Recart incident

Reporting attribution problem

Minor Resolved View vendor source →

Recart experienced a minor incident on January 21, 2023 affecting Messaging, lasting 9h 50m. The incident has been resolved; the full update timeline is below.

Started
Jan 21, 2023, 11:16 AM UTC
Resolved
Jan 21, 2023, 09:06 PM UTC
Duration
9h 50m
Detected by Pingoru
Jan 21, 2023, 11:16 AM UTC

Affected components

Messaging

Update timeline

  1. identified Jan 21, 2023, 11:16 AM UTC

    We identified a problem in our system that generates a problem around attribution, and because of that reporting about attribution is slower than usual.

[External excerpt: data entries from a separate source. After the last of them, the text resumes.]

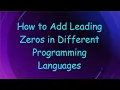 How to Add Leading Zeros in Different Programming Languages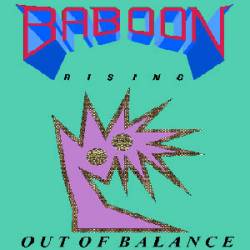 Baboon Rising : Out of Balance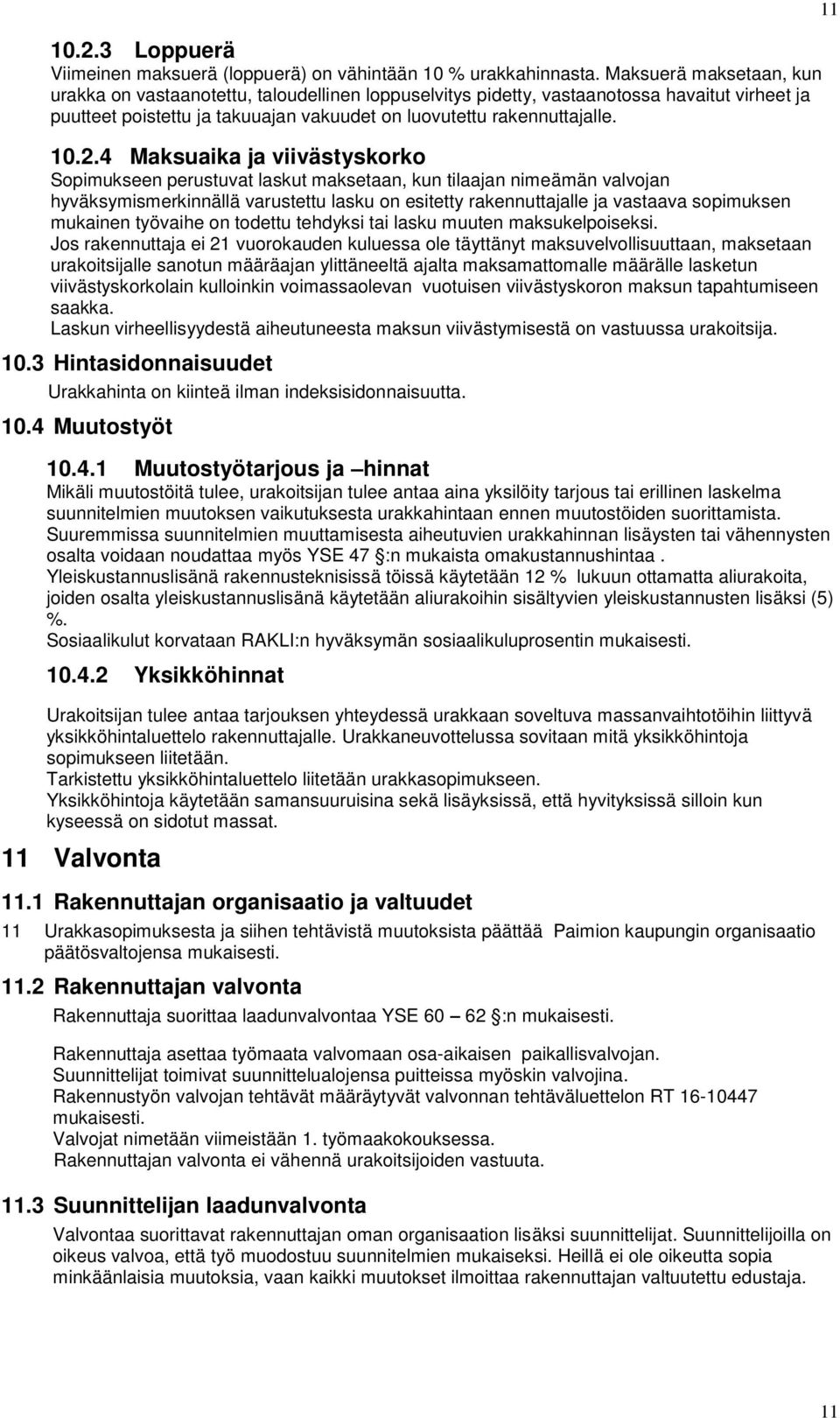 4 Maksuaika ja viivästyskorko Sopimukseen perustuvat laskut maksetaan, kun tilaajan nimeämän valvojan hyväksymismerkinnällä varustettu lasku on esitetty rakennuttajalle ja vastaava sopimuksen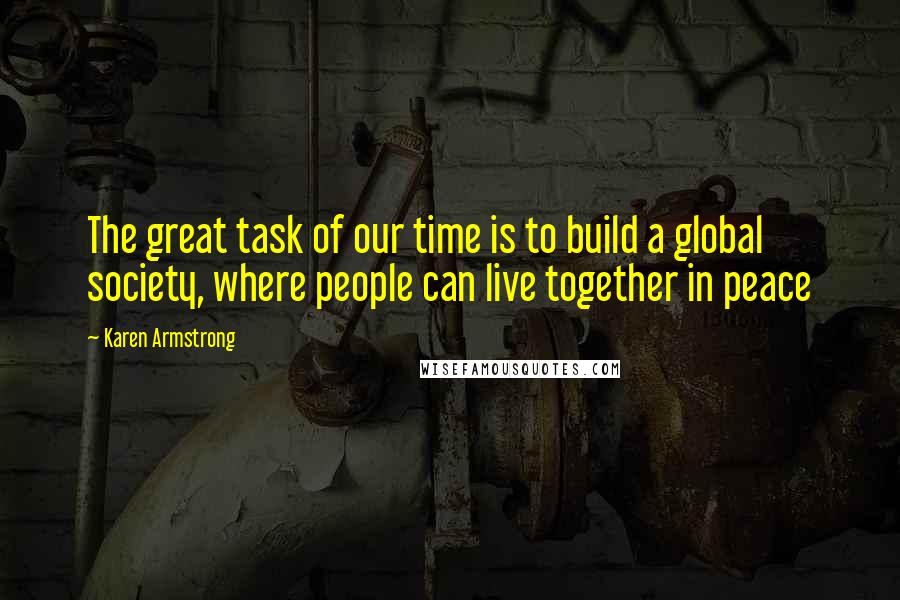 Karen Armstrong Quotes: The great task of our time is to build a global society, where people can live together in peace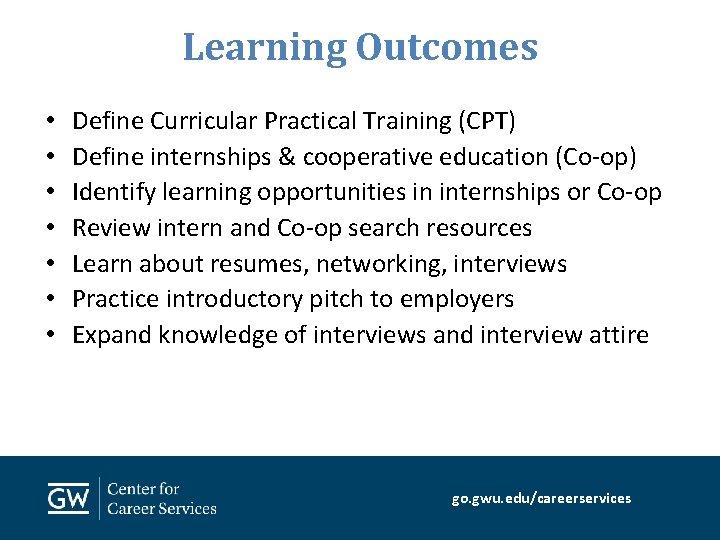 Learning Outcomes • • Define Curricular Practical Training (CPT) Define internships & cooperative education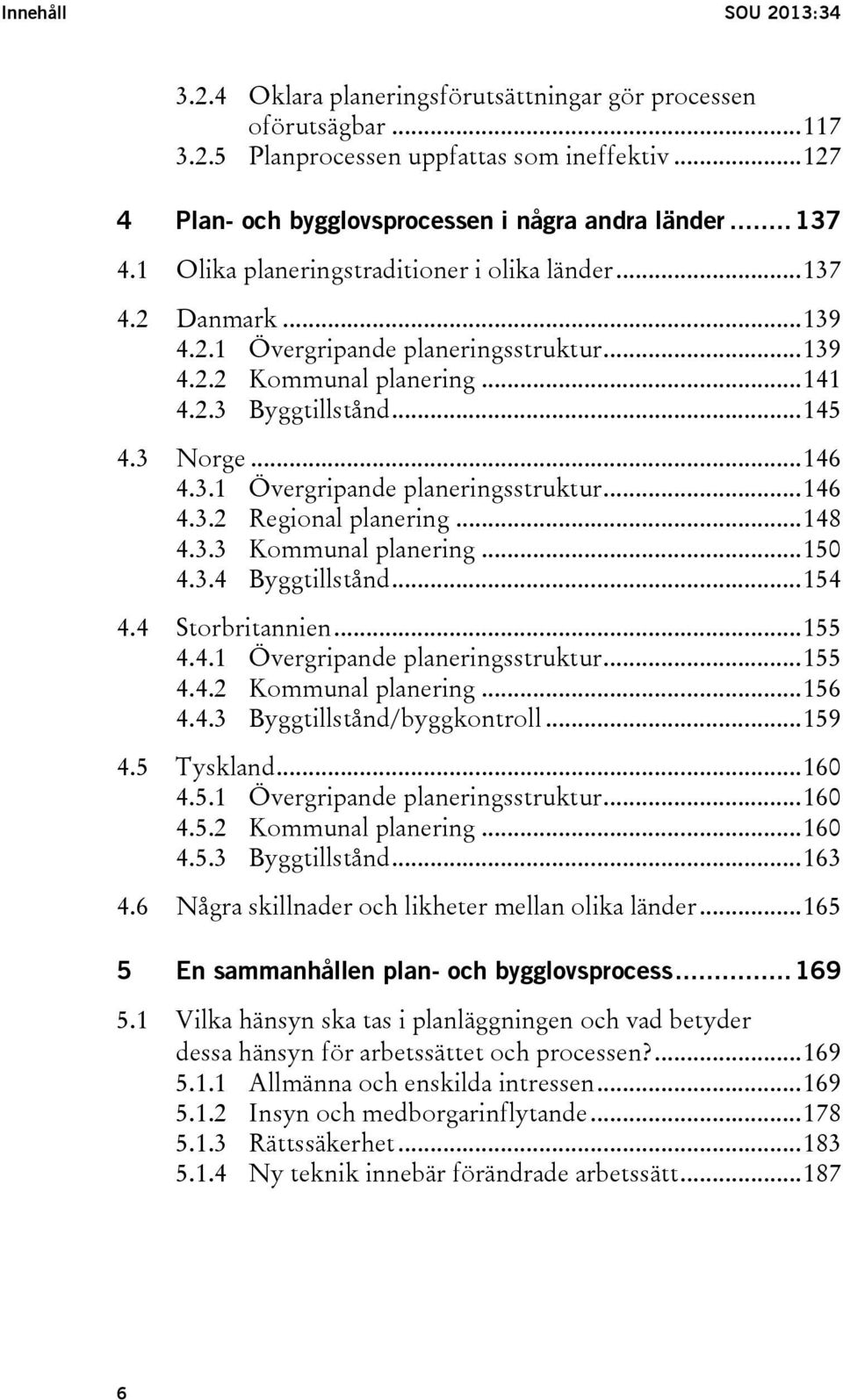 .. 146 4.3.1 Övergripande planeringsstruktur... 146 4.3.2 Regional planering... 148 4.3.3 Kommunal planering... 150 4.3.4 Byggtillstånd... 154 4.4 Storbritannien... 155 4.4.1 Övergripande planeringsstruktur... 155 4.4.2 Kommunal planering.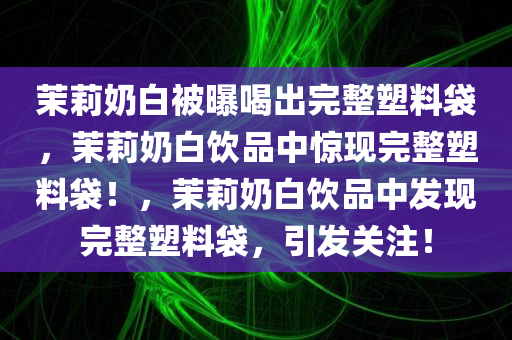 茉莉奶白被曝喝出完整塑料袋，茉莉奶白饮品中惊现完整塑料袋！，茉莉奶白饮品中发现完整塑料袋，引发关注！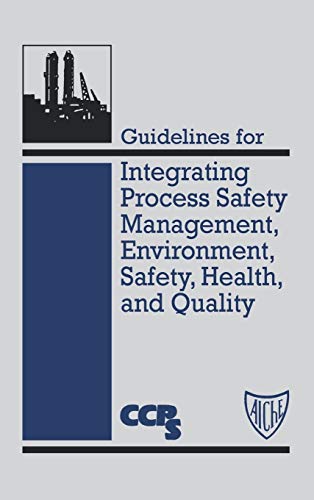 Guidelines for Integrating Process Safety Management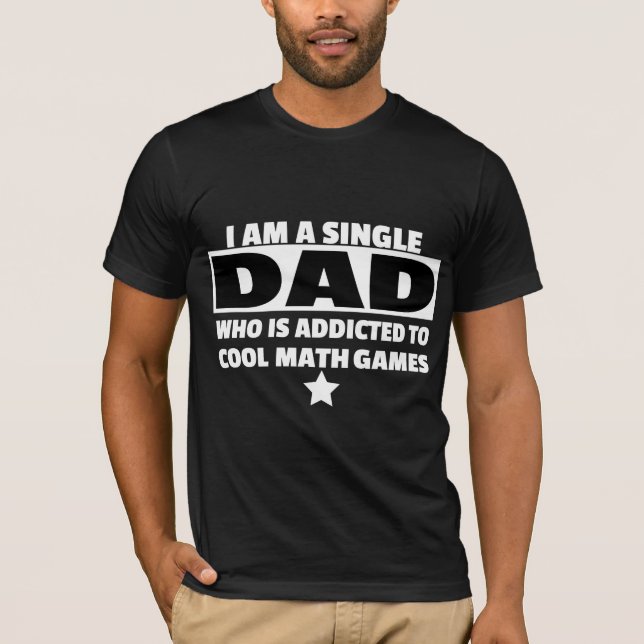 I Am Single Dad Who Is Addicted To Cool Math Games T-Shirt (Front)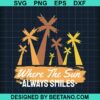 Where The Sun Always Smiles Svg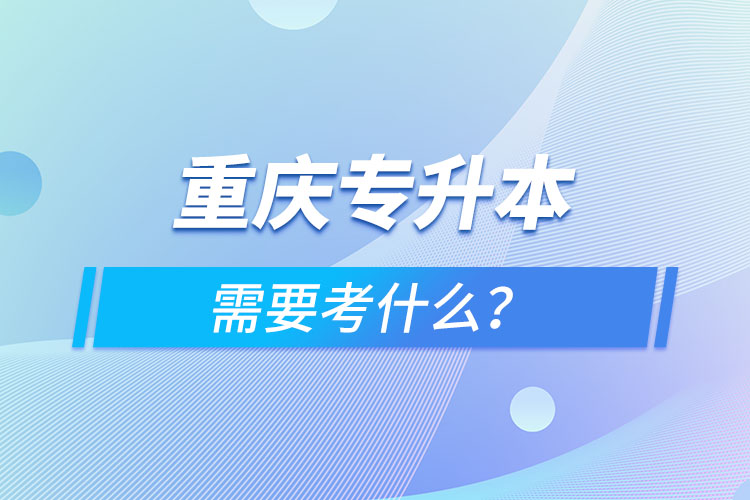 重慶專升本需要考什么？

  2. identified Jan 21, 2023, 12:14 PM UTC

    We identified the root cause of the problem. Memory usage of a component is unpredictable and because of that, we saw many restarts in one of our subsystems. We found an approach with which we will be able to process all bloated messages.

  3. monitoring Jan 21, 2023, 12:57 PM UTC

    We were able to handle the problem and we see the metrics are good and the system copes with the load. We will still monitor our metrics and report if the problem would come up again.

  4. monitoring Jan 21, 2023, 09:06 PM UTC

    We were able to fix the problem. Operation is back to normal.

  5. resolved Jan 21, 2023, 09:06 PM UTC

    This incident has been resolved.